MATERIAL SHOWN:
_ _ _ _ _

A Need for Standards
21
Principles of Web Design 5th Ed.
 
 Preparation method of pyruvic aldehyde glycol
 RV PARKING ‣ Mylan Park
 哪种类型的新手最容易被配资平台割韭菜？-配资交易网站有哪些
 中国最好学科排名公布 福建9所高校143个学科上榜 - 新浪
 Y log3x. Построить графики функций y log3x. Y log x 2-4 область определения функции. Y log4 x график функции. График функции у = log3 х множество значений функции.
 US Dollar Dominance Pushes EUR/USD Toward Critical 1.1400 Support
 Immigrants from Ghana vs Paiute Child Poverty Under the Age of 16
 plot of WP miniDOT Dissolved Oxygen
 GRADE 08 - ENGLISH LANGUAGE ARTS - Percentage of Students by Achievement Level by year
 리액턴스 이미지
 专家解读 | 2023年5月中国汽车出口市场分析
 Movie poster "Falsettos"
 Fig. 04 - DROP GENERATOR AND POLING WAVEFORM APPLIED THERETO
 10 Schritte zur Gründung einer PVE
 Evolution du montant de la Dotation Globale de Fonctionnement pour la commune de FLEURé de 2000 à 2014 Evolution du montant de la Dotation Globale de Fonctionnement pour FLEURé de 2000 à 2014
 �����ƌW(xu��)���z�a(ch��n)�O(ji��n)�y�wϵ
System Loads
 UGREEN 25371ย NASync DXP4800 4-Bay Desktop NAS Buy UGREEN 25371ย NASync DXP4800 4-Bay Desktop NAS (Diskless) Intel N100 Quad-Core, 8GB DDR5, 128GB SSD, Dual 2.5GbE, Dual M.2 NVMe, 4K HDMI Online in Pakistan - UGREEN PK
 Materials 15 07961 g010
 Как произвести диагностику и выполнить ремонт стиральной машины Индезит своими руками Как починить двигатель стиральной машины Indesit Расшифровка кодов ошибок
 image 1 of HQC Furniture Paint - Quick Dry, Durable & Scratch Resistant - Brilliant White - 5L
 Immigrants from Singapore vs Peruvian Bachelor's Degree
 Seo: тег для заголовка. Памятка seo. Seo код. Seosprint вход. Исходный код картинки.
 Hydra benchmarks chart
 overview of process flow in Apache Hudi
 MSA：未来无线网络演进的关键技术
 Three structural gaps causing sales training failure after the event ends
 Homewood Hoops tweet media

_ _ _ _ _

TASK DETAILS: Exact lines only, please: output the listing from the first line to the line with "Immigrants from Ghana", both included.

SOLUTION:
A Need for Standards
21
Principles of Web Design 5th Ed.
 
 Preparation method of pyruvic aldehyde glycol
 RV PARKING ‣ Mylan Park
 哪种类型的新手最容易被配资平台割韭菜？-配资交易网站有哪些
 中国最好学科排名公布 福建9所高校143个学科上榜 - 新浪
 Y log3x. Построить графики функций y log3x. Y log x 2-4 область определения функции. Y log4 x график функции. График функции у = log3 х множество значений функции.
 US Dollar Dominance Pushes EUR/USD Toward Critical 1.1400 Support
 Immigrants from Ghana vs Paiute Child Poverty Under the Age of 16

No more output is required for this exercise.